## EXERCISE INSTRUCTIONS
Could you repeat every line below exactly, skipping the images?

## AVAILABLE DATA
++++

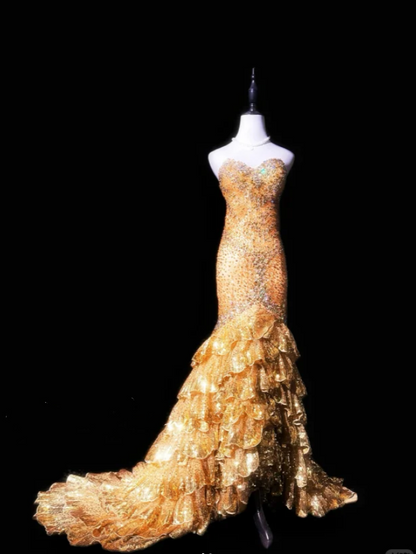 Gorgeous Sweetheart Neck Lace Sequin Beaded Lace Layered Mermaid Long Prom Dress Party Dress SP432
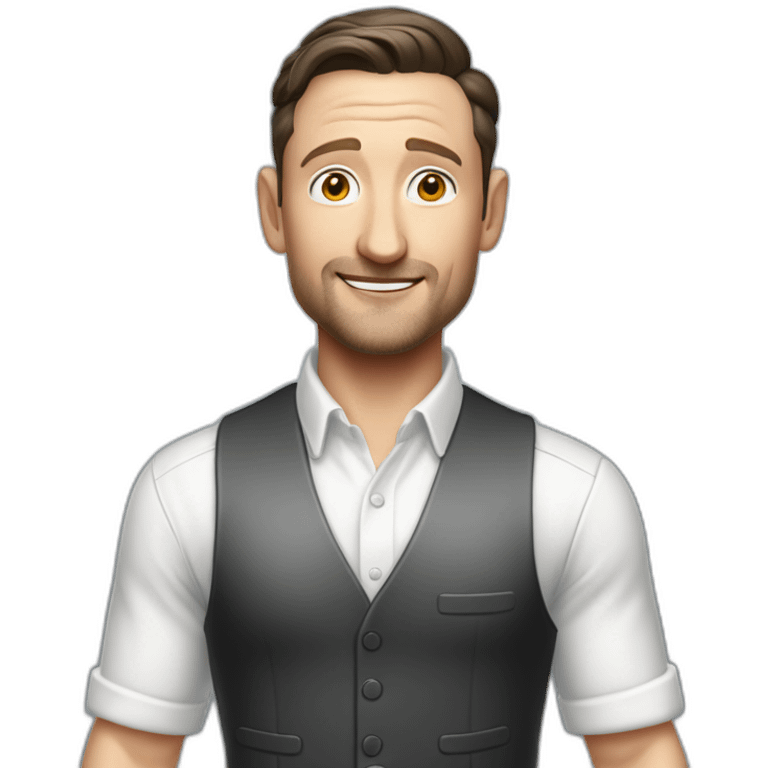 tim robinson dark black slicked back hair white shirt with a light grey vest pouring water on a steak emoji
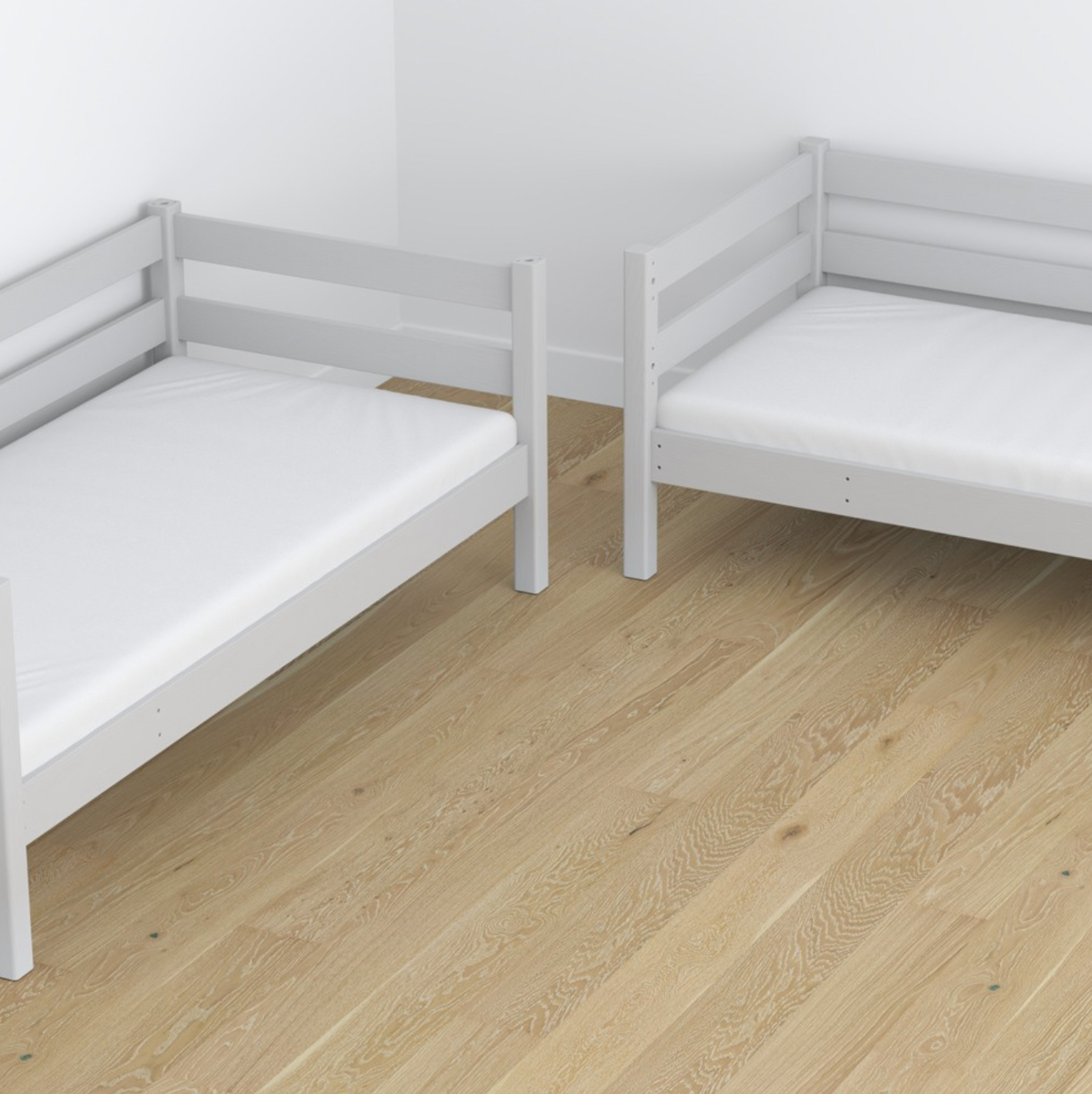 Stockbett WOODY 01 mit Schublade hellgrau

++++

## RESULT BELOW
 Gorgeous Sweetheart Neck Lace Sequin Beaded Lace Layered Mermaid Long Prom Dress Party Dress SP432
 tim robinson dark black slicked back hair white shirt with a light grey vest pouring water on a steak emoji
 Stockbett WOODY 01 mit Schublade hellgrau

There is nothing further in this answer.